Assignment: Locate the line bearing "Mermicorn Squad T" in the material below, then reproduce it and each following line up to and including the line bearing "Devold - Nansen".

Supplied data:
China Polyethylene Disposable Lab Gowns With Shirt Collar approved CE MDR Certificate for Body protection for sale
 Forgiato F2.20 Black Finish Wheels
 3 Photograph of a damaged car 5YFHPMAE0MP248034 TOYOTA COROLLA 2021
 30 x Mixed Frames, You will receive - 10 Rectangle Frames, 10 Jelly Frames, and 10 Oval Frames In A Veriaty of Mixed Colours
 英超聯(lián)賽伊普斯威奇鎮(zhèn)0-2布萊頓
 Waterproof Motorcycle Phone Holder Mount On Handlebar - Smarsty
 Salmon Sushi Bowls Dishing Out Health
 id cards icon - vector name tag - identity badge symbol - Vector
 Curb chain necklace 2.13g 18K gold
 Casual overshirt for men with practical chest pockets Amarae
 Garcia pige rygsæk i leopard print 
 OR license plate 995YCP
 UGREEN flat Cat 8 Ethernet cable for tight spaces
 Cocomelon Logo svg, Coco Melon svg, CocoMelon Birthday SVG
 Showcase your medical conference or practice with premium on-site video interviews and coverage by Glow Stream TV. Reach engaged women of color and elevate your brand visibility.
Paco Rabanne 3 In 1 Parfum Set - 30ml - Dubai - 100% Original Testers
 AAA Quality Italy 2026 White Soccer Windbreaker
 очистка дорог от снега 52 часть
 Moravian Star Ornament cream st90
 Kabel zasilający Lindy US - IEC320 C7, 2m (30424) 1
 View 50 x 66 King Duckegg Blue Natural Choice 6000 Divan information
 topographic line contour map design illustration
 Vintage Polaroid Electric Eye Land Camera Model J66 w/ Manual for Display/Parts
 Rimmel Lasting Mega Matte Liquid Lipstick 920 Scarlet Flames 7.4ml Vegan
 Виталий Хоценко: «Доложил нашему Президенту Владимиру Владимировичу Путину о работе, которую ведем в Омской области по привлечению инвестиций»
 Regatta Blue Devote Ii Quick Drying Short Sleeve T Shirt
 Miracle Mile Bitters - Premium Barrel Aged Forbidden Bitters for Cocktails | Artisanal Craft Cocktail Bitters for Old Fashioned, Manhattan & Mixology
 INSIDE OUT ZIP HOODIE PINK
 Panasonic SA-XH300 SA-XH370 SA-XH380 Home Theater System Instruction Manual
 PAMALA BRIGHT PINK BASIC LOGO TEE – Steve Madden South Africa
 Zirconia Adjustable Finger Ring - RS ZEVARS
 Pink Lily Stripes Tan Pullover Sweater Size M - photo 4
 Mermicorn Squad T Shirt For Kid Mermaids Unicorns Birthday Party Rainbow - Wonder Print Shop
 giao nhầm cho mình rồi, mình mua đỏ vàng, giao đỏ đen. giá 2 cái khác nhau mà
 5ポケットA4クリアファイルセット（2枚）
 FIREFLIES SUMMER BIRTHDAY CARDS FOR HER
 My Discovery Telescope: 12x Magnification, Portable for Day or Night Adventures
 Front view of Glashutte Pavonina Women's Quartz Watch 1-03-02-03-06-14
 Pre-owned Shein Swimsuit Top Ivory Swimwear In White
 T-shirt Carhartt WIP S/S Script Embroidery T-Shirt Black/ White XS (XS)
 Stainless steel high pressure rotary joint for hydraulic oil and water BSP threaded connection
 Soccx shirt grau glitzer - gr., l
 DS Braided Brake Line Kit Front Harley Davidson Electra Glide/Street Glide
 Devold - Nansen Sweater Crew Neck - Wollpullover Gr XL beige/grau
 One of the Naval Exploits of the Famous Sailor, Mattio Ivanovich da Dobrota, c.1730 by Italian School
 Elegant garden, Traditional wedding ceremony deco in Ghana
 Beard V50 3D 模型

Answer box:
 Mermicorn Squad T Shirt For Kid Mermaids Unicorns Birthday Party Rainbow - Wonder Print Shop
 giao nhầm cho mình rồi, mình mua đỏ vàng, giao đỏ đen. giá 2 cái khác nhau mà
 5ポケットA4クリアファイルセット（2枚）
 FIREFLIES SUMMER BIRTHDAY CARDS FOR HER
 My Discovery Telescope: 12x Magnification, Portable for Day or Night Adventures
 Front view of Glashutte Pavonina Women's Quartz Watch 1-03-02-03-06-14
 Pre-owned Shein Swimsuit Top Ivory Swimwear In White
 T-shirt Carhartt WIP S/S Script Embroidery T-Shirt Black/ White XS (XS)
 Stainless steel high pressure rotary joint for hydraulic oil and water BSP threaded connection
 Soccx shirt grau glitzer - gr., l
 DS Braided Brake Line Kit Front Harley Davidson Electra Glide/Street Glide
 Devold - Nansen Sweater Crew Neck - Wollpullover Gr XL beige/grau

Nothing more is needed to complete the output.